Our ‘functional linkages’ hypothesis nuances the traditional view in the political economy literature according to which autonomy is best guaranteed by insulating oversight agencies from their political environment.52 The agency autonomy literature tends to value independence as an end it itself, rather than as a means to improve the agency’s performance. It fails to acknowledge that excessive autonomy may, in fact, undermine agency effectiveness. Autonomy through insulation might well guarantee survival but can lead to irrelevance, as the case of the Chilean CGR suggests. The resulting danger is not political capture, but institutional sclerosis. We thus concur with Dove (2002:224) that:

‘an agency strategy based on cautious engagement tends to win an oversight agency more real autonomy, while one based on insulation tends to result in the oversight agency becoming irrelevant.’

Fourth, shortcomings in the cycle of accountability reflect deeper dysfunctions in principal- agent relations between AAAs and the legislatures. The fluidity of the functional relationship between AAAs and legislatures is key to explain the effectiveness of the system of fiscal control. However, as this research reveals, this ‘legislative connection’ is the weakest link in the cycle of financial accountability, as reflected in the dysfunctions in the certification of public accounts and government discharge. In Argentina the certification process has effectively ceased to be meaningful; in Brazil it is marred with procedural difficulties; and in Chile it does not happen.

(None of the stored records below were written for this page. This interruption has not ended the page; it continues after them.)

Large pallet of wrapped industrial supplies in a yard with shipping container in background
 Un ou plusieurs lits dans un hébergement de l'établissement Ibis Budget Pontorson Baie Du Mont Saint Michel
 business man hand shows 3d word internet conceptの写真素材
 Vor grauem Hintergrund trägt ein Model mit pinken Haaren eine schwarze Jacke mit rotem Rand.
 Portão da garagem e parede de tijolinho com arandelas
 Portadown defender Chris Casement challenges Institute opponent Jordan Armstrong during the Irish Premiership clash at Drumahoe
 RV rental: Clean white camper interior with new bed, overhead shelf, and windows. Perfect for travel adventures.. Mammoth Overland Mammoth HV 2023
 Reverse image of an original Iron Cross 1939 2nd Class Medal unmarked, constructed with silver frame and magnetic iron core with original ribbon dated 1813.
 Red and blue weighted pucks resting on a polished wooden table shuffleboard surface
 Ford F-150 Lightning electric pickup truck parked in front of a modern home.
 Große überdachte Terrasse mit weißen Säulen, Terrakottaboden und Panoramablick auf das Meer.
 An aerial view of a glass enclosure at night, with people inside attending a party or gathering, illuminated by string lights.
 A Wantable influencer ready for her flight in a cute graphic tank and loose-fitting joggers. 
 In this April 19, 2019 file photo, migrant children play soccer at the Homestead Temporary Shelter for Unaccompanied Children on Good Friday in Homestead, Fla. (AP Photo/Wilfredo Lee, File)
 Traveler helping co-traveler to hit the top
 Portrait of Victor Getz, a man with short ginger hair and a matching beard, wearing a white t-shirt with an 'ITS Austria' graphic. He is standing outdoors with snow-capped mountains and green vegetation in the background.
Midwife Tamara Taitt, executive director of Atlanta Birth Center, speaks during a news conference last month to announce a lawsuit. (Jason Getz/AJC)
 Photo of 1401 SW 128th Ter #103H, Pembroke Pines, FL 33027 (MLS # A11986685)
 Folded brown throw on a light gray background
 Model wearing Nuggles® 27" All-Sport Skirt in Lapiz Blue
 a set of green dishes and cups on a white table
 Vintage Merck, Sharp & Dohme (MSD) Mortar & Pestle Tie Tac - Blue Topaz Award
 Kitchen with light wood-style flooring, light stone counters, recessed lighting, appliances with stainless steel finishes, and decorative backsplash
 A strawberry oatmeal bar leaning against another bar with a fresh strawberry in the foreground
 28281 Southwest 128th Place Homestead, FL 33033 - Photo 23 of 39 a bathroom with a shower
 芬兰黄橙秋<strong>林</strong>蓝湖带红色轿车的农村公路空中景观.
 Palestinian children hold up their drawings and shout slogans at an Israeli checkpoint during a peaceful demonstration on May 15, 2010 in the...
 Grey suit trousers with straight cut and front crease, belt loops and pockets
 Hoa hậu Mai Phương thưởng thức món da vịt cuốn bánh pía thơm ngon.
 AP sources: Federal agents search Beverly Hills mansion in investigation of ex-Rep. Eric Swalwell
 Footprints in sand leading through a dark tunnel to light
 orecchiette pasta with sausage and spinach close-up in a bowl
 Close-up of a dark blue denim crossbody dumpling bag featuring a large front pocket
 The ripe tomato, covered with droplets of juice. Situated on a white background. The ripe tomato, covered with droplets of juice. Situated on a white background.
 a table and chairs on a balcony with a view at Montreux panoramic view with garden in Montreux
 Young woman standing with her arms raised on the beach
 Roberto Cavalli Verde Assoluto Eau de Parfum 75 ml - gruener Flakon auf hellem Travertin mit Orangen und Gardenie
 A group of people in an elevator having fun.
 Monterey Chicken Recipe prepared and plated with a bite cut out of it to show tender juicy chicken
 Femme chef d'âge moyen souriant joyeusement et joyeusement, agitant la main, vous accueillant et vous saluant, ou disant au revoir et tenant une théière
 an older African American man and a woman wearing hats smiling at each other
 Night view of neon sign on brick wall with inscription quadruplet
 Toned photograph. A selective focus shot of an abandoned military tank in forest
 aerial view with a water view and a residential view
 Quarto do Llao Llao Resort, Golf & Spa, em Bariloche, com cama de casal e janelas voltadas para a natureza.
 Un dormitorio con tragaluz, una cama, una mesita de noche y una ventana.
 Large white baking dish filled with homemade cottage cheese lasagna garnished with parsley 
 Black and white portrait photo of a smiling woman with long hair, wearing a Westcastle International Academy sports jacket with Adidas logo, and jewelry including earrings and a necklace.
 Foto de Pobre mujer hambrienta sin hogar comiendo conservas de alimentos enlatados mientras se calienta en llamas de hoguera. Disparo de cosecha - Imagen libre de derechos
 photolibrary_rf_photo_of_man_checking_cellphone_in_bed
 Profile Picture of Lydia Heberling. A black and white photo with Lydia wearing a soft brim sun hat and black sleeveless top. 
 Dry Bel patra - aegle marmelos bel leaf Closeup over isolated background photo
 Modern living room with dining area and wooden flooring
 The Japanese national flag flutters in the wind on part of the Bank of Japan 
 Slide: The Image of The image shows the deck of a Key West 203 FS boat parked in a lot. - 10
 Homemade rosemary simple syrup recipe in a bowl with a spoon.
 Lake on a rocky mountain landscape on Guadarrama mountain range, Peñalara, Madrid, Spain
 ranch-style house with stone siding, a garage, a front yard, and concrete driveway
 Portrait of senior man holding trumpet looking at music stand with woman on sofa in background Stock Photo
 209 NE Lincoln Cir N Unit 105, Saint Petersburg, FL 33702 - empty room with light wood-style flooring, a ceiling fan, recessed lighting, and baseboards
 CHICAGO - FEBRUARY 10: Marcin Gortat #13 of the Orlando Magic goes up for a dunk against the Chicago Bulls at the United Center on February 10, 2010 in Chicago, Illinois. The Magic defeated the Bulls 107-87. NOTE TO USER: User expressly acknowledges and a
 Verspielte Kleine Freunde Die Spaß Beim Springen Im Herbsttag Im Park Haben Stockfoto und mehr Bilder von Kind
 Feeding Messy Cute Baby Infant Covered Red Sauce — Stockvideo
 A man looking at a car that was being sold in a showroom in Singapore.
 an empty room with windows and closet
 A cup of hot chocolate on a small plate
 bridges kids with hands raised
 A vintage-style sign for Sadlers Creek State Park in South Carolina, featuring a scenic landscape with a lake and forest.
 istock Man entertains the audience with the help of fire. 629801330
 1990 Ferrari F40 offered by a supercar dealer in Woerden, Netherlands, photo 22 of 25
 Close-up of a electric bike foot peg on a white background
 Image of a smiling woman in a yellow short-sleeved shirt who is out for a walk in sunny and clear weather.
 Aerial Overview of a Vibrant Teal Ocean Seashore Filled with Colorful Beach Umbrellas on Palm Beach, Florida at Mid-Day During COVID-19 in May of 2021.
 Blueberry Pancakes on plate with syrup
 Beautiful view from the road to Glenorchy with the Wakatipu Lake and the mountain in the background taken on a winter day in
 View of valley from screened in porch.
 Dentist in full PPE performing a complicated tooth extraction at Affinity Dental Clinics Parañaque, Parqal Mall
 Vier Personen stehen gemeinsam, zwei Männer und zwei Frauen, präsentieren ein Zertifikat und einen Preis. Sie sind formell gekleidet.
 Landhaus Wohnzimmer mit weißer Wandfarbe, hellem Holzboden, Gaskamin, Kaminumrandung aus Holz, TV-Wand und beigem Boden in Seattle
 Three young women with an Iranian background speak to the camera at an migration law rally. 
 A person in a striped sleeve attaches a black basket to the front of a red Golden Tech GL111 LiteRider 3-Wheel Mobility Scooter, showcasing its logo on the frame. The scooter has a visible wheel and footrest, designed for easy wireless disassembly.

External auditing is not as effective as it could be partly because of the inadequate follow-up of audit findings and enforcement of audit recommendations by legislatures. At the same time, excessive dependence on the legislature also has its drawbacks, as the case of Argentina illustrates. Being a political appendix of the legislature makes the AGN vulnerable to partisan meddling, a vulnerability that is exacerbated by the politicization of the AGN’s decision-making structure. The root causes of dysfunctions are to be found in the legislatures’ lack of political incentives to use the information provided by its agent, the AAA, to oversee its main agent, government. Disclosure of audit findings and freedom of information can help AAAs circumvent the legislature and directly report to their ultimate principal, the public.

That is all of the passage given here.